Connectivity infrastructure is the lifeline of Europe’s digital future. By 2030 all households should have access to Gigabit networks, all populated areas should be covered by 5G and 10.000 carbon neutral, secure edge nodes should be deployed across the EU. These are the goals that the European Commission has set with its Digital Decade targets.
As Commissioner Thierry Breton stressed in his speech at an event in early June these targets remain Europe’s digital vision and ambition. Importantly, together with the European Declaration on Digital Rights and Principles for the Digital Decade they are the result of a democratic process and hence the European Commission has the duty towards European citizens in ensuring that they are reached.

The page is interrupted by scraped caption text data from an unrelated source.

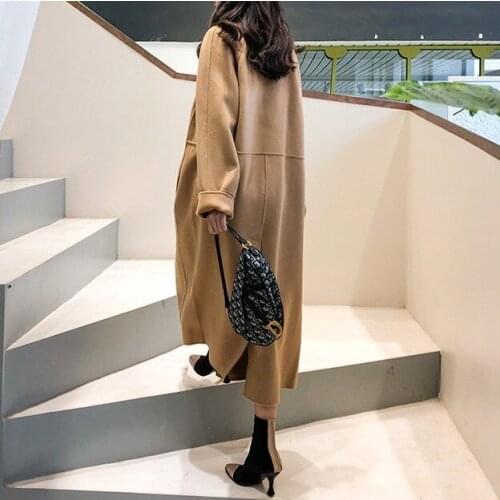 Double sided cashmere coat Long female star same water wave wool coat large size 2021 autumn and winter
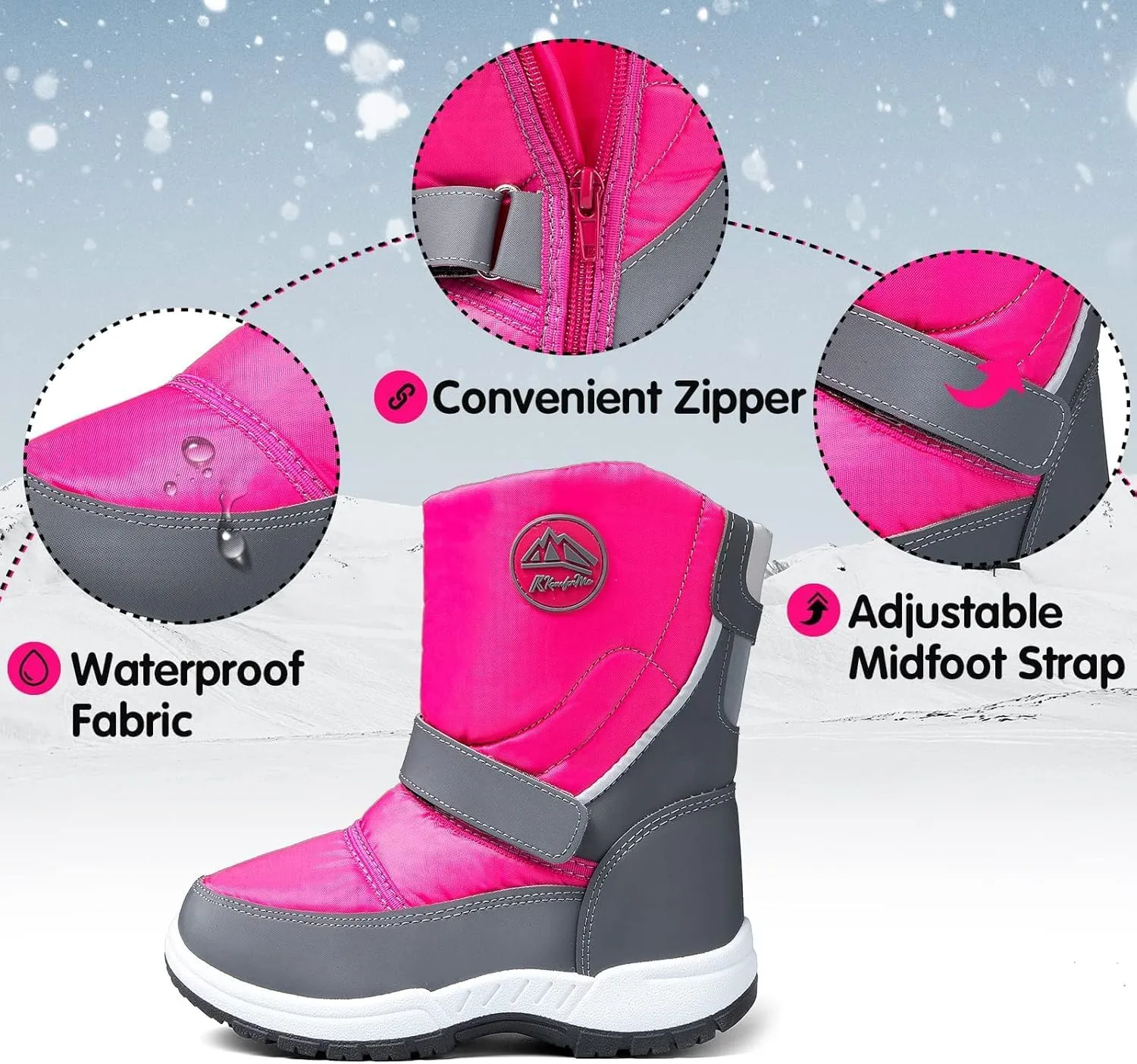 K KomForme Boys Girls Snow Boots Waterproof Winter Outdoor Boots(Toddler/Little Kid/Big Kid)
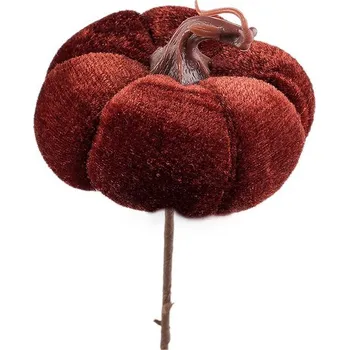 umělá květina Zápich sametová dýně - 3 rezavá tmavá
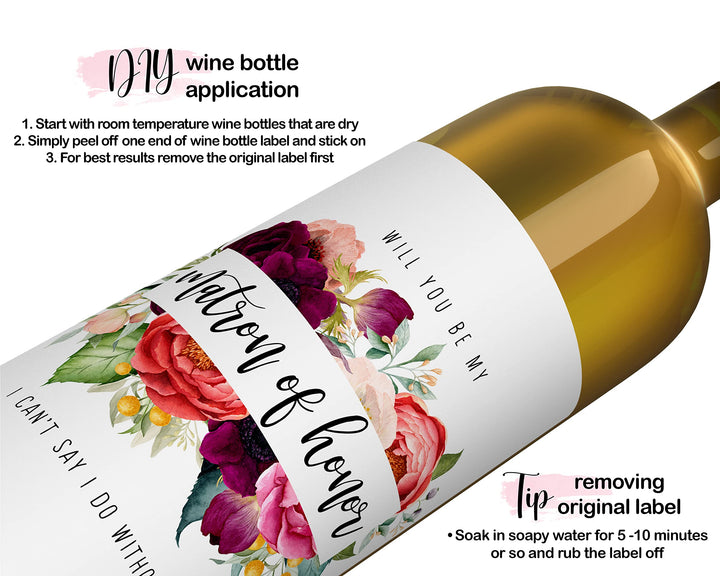 Wildflower Bridesmaid Wine Labels - 12 Pack - Charming Stickers for Wedding Party Invitations - Paper Clever Party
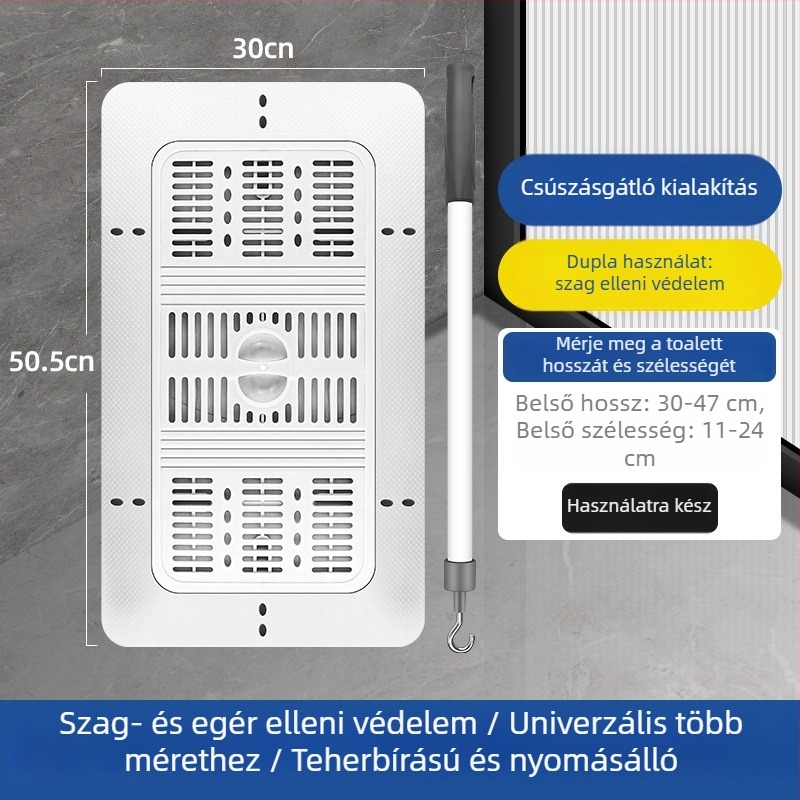 ABS guggolós WC-fedél szag elleni zárófedél, univerzális fürdőszobai kiegészítő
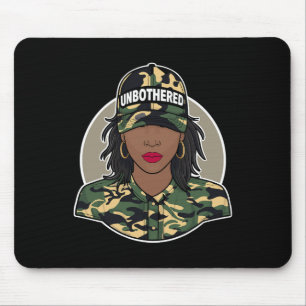 Melanin Unbothered Black Woman Locs Camo Black His Mouse Pad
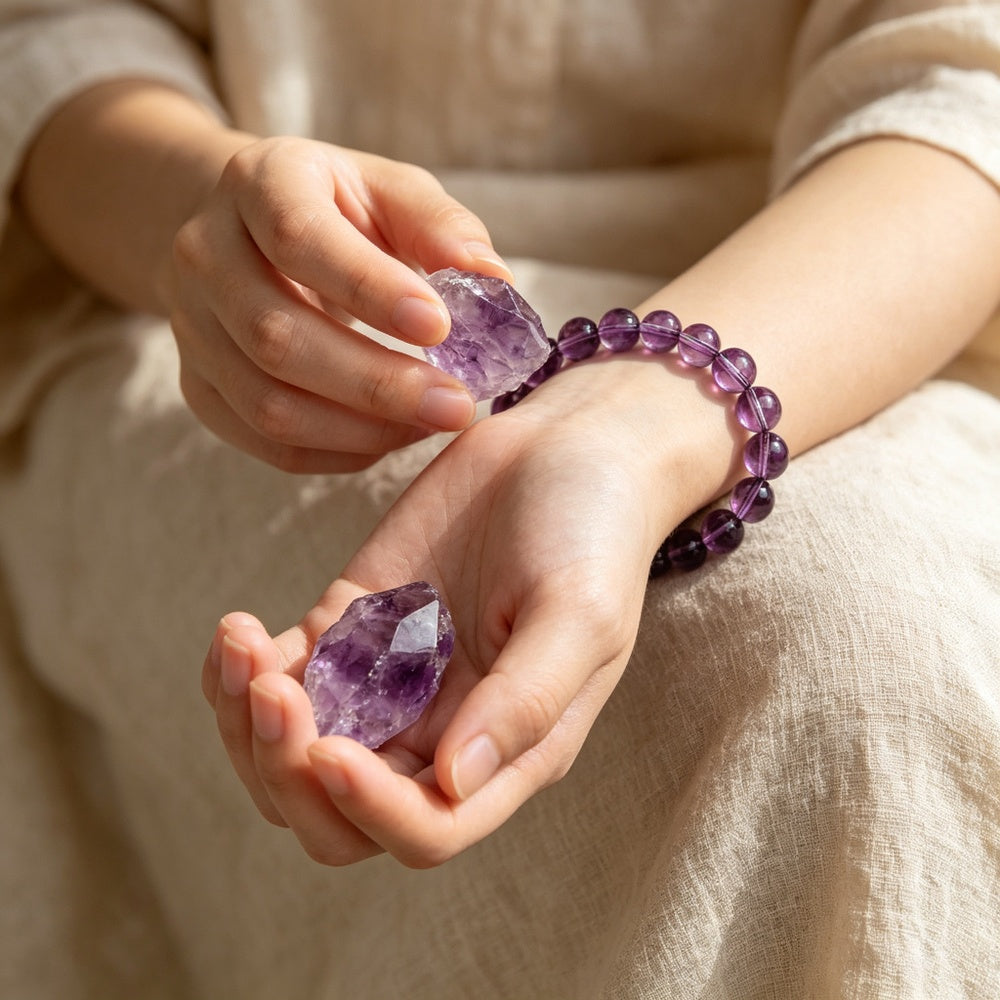 Amethyst Bead Bracelet · Five Bead-Size Options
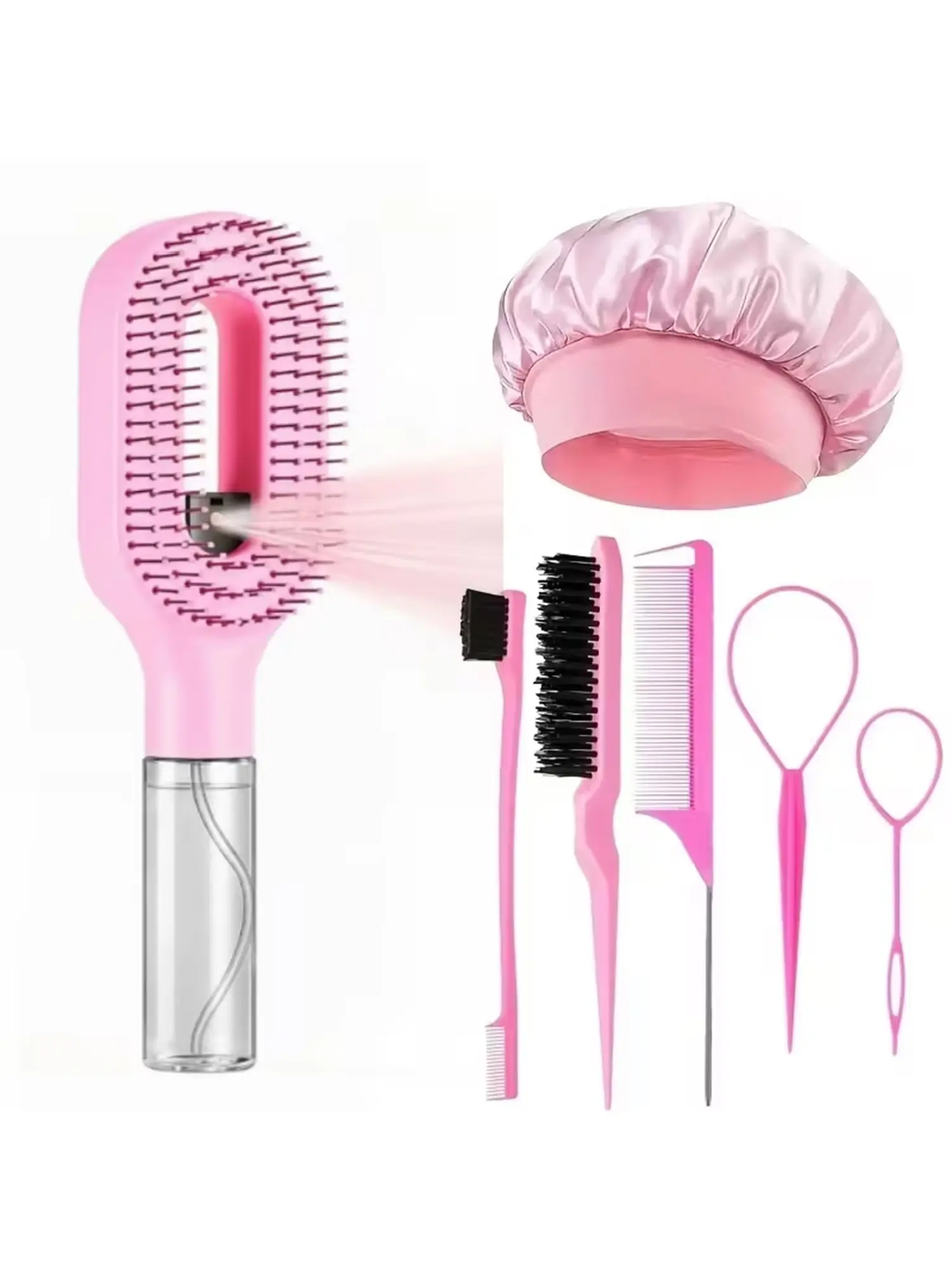 7-Piece Hair Comb Set for Women, Includes Detangler Brush, Spray Bottle, Silk Sleep Cap, Tail Comb, Edge Brush, Ideal for Styling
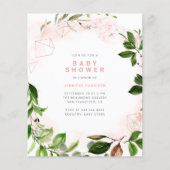 Waterverf begroting Blush & Greenery Baby shower (Voorkant)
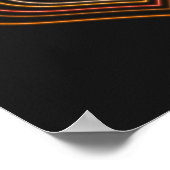 Oranje Neon Hart Muur Kunst Poster (Hoek)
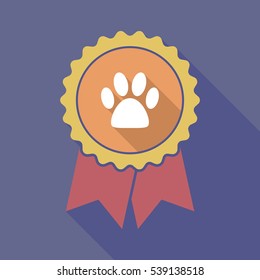 Illustration of a long shadow flat color badge with an animal footprint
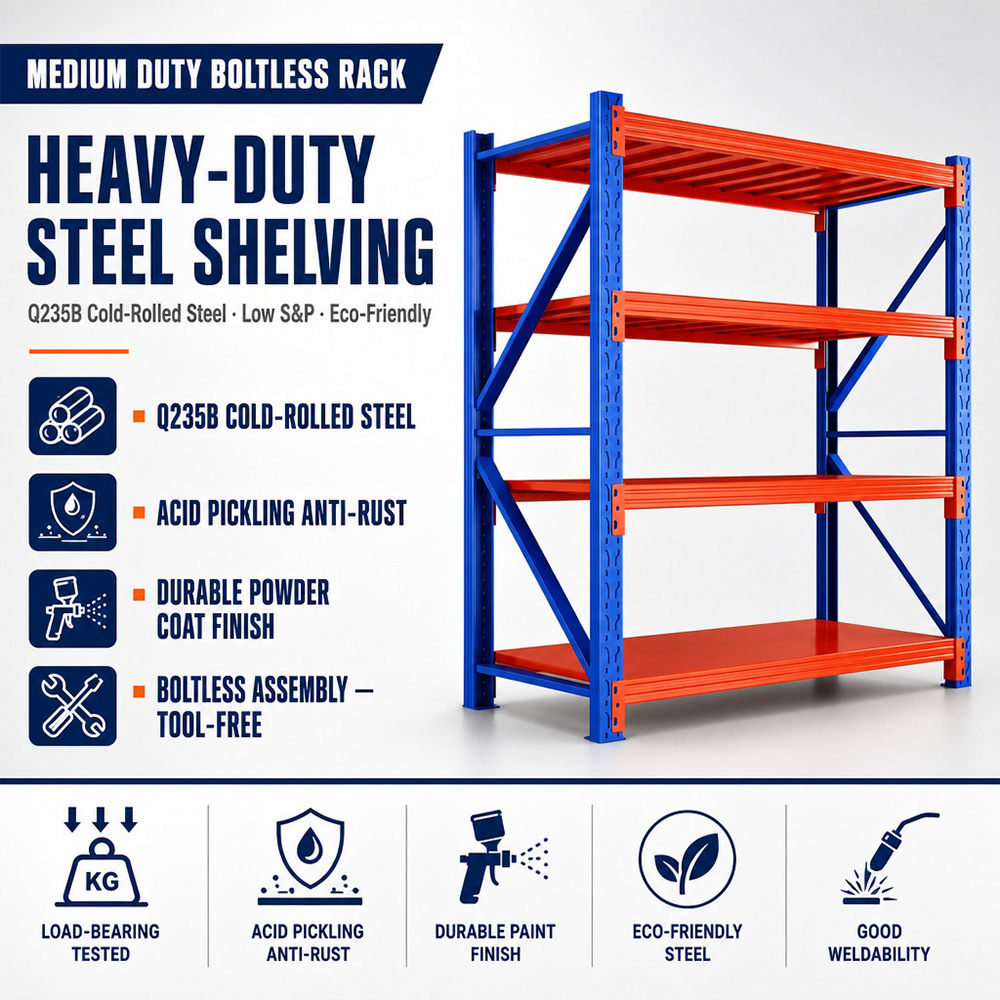 Blue Orange Medium Duty Shelf Anti-Rust Stacking Shelves for 3PL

Yet, despite the huge investments by European telecom operators, the European Commission estimates a funding gap of €174bn to reach these connectivity goals. Europe risks being stuck to reap the potential of advanced digital services and technologies like AI, web3, immersive technologies, or the Internet of Things. Therefore, we urgently need to find a solution of how to address this investment gap as one key part of measures to bring Europe to the digital forefront.
A new framework to unlock Europe’s digital future
On 13 June, the European Parliament voted in favour of the Competition Policy Report (428 votes in favour, 147 against and 55 abstentions). Among various measures, the report calls for a policy framework where Large Traffic Generators (LTGs) contribute fairly to the adequate funding of telecom networks without prejudice to net neutrality. The large backing by European parliamentarians for such a framework expresses a clear mandate to address and mitigate persistent asymmetries in bargaining power between LTGs and telecom operators and to re-establish a fair balance in the value chain.
Moving forward with legislation to ensure the economic sustainability of telecom networks is essential to achieve high performance connectivity for all EU citizens and businesses. Such legislation must be based on data and evidence collected by the Commission in their recent public consultation on the future of connectivity infrastructure. Telefónica and other European operators have long been calling for LTGs to contribute their Fair Share to European connectivity infrastructure. The proposed mechanism aims tore-balance the Internet value chain by ensuring that LTGs pay for the traffic delivery service provided to them by telecoms. The Fair Share proposal is one pillar of the solution for boosting Europe’s digitalization.
Consequently, this vote is an important step for Europe’s digital future. It is a step towards unlocking the benefits that high-speed connectivity infrastructure can bring for a first-class digital society and economy in Europe that leaves no one behind.